6 council hopefuls moving on to fall ballot

Over, Khan, Gray, Chen fall short in bids for City Council
By Nicholas Johnson | Aug 09, 2017
Courtesy of: Peter Zieve Candidates Peter Zieve, left, and James Yoo celebrate primary election results Tuesday night, Aug. 1, at Zieve’s home in Harbour Pointe. Both are moving on to the general election, Zieve facing incumbent Bob Champion and Yoo facing fellow candidate Anna Rohrbough.

Six candidates for City Council are turning their attention to the November general election after this month’s primary election knocked four hopefuls out of the running.

“The Mukilteo races are far enough apart that any outstanding ballots won’t have an impact on the outcome,” Elections and Recording Manager Garth Fell said.

About five Mukilteo ballots remain to be counted and some 22 have signature issues that voters can clear up by Aug. 14, Fell said. Results so far are based on ballots counted as of Friday, Aug. 4. The next update is set for Wednesday afternoon, Aug. 9. Primary election results will be certified Aug. 15.

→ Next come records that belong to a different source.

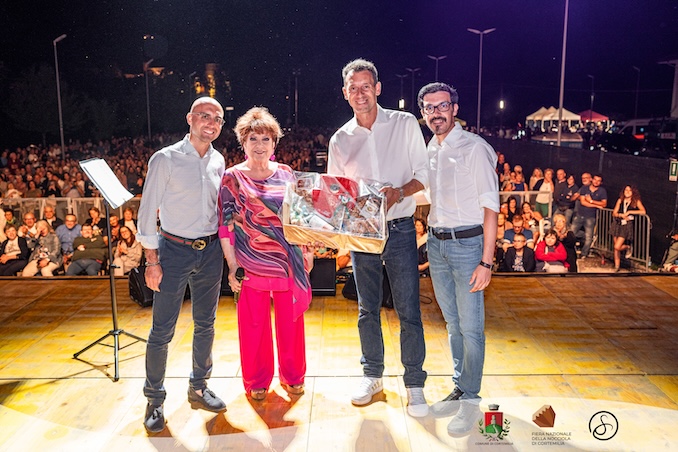 A Cortemilia si è chiusa una fiera nazionale della nocciola da record 2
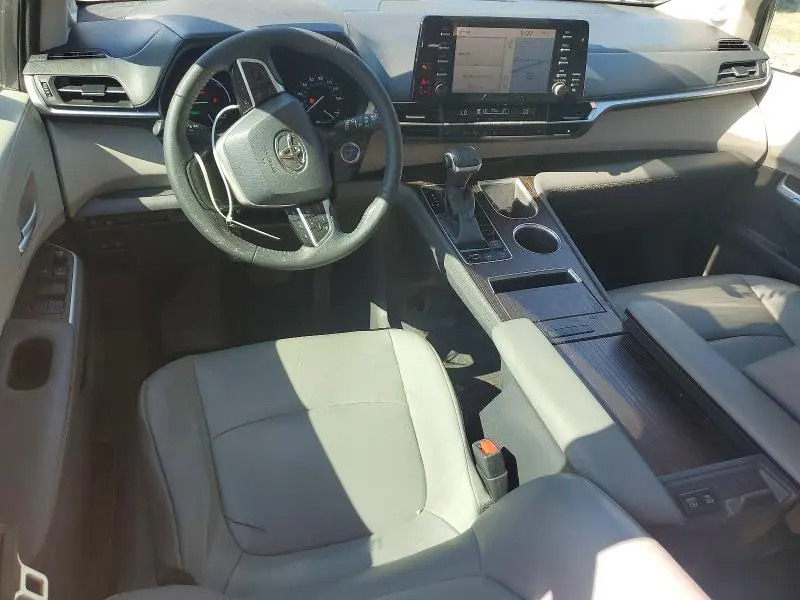 2021 TOYOTA SIENNA XLE  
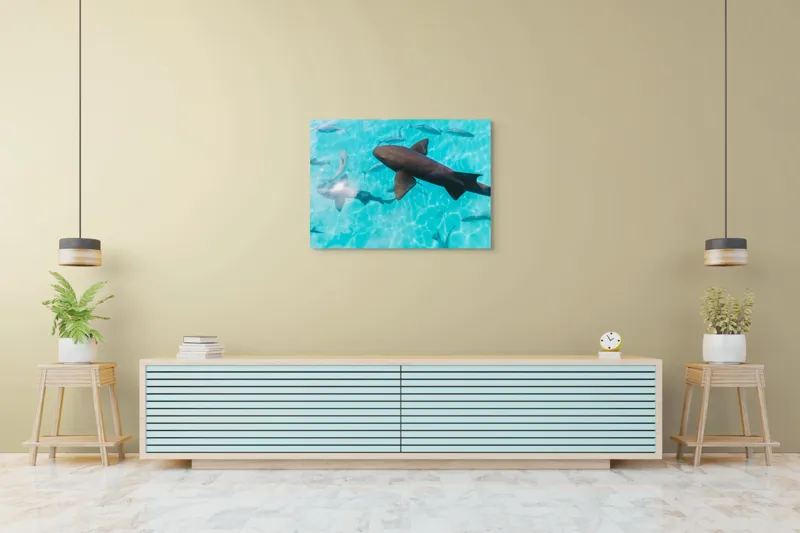 Tablou Canvas, "Rechini înotând în oceanul albastru", Rechini, Pești, Apă, Lumină, Azur, Reflexii, Mișcare, Ocean., 100 x 70 cm – poza 4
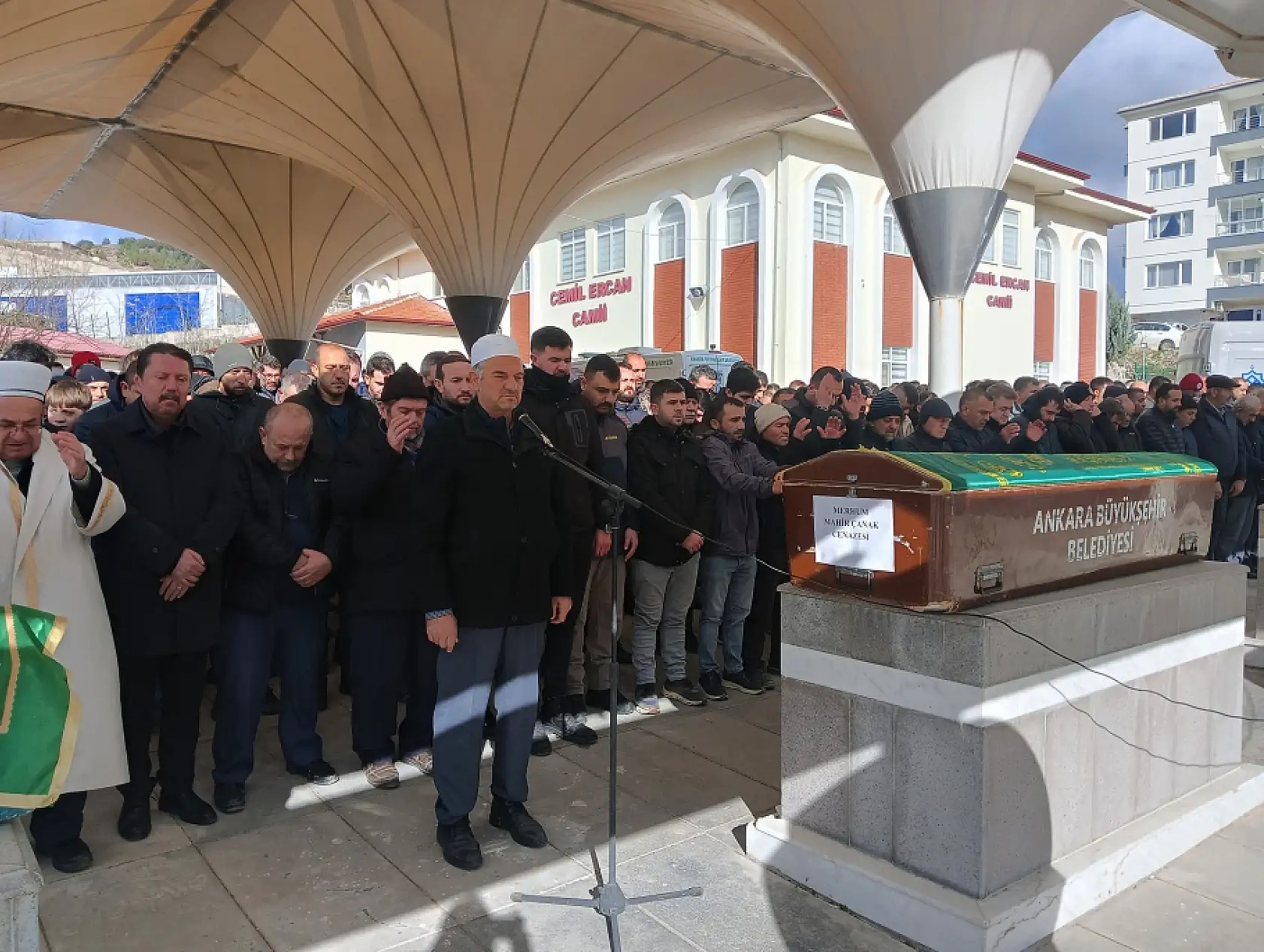 Trafik kazasında vefat eden çift ve bebekleri son yolculuğunda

Position 3 candidates Troy Gray and Maxwell Chen are out, as are Tina Over and Riaz Khan, who sought election to Positions 2 and 3, respectively.

Khan, who lost a 2015 general election bid for City Council as well as a 2016 primary bid for the state Legislature, received about 25 percent of the vote, his best showing yet.

“I was hoping to win,” he said. “A lot of people told me if you want to get elected here you have to be a white person. I still don’t believe that.”

Khan said he is not ready to throw his support behind either of his opponents – Anna Rohrbough, who received 44.48 percent (2,219) of the vote, and James Yoo, who garnered 30.21 percent (1,507).

“I’m not surprised,” Rohrbough said of Khan’s lack of support. “I don’t think he knows who I am.”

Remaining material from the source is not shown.